Web Sites aren’t Made for Ampersands

Today I've had a little fun with ampersands. Those little buggers are nasty to get right in the URLs and the HTML pages and XML config files of a typical Tomcat web site. But after having done it enough today, I think the rules are pretty simple, but need to be followed to the letter.

In URLs - Escape, Escape, Escape!

If you're in a JSP, or Java, in general, then the easiest thing for a URL is to use the URLEncoder that's in the standard JDK. It's possible to do the manual replacement, but it's so easy to use the URLEncoder that there's really no reason to do it the hard way.

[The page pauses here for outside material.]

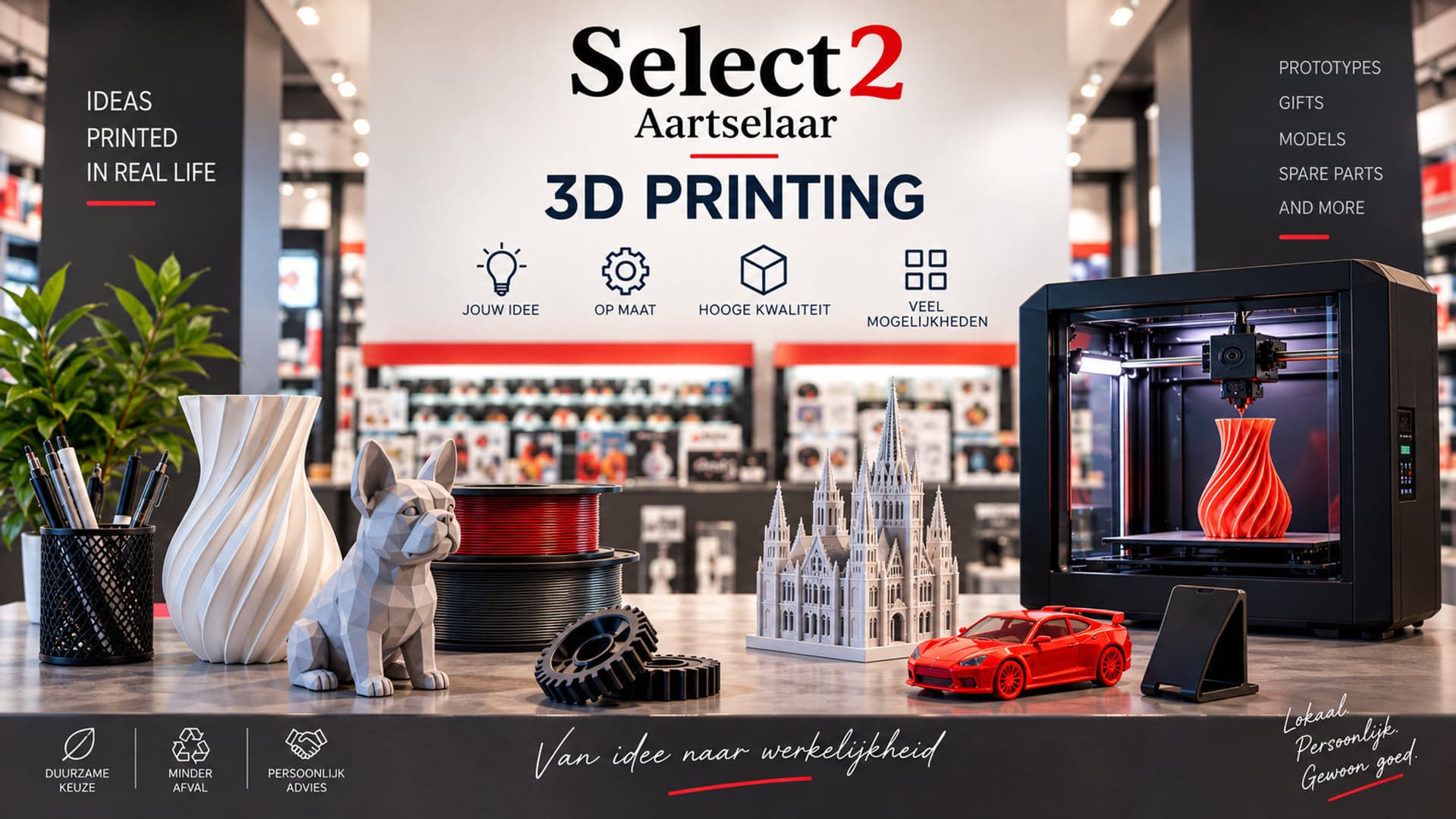 3D-printing bij Select2 Aartselaar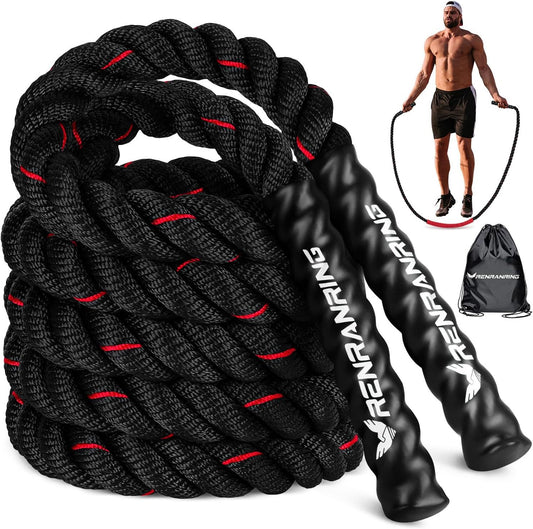 Weighted Jump Rope for Strength Training 3 lb to 5 lb Adult Heavy Skipping Rope, Jumprope for Fitness,Workout Equipment, Fitness Equipment for Home Gym Exercise,Improve Strength and Building Muscle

  StringBuilder  vars = new StringBuilder();
 
  var.append("report=").append(URLEncoder.encode(report));
  var.append("&page=").append(URLEncoder.encode(page));
  var.append("&name=").append(URLEncoder.encode(name));

it's so easy, that there's no reason not to. However, a surprising number of developers forget to do this simple act.

In HTML Pages Go Verbose

It's been said that the escape sequence & is one of the most verbose HTML escape sequences, and I have to agree. It's a mess, but it needs to exist for the reason that the ampersand is the escape sequence initiator. So it goes. In HTML, use it. It's just what you have to do.

In XML Config Go Verbose Again

It makes a little bit of sense to have the HTML and XML escape sequences for ampersand the same, but as with other things, I would not have been surprised if it had worked out that things were different in the two markups. What I am surprised at is that the URL escape code (%26) is not allowed in the XML config files, but then again, I guess it's exclusively for the URLs.

There's what I learned today. Doesn't sound like much, but it was a pain to pin down.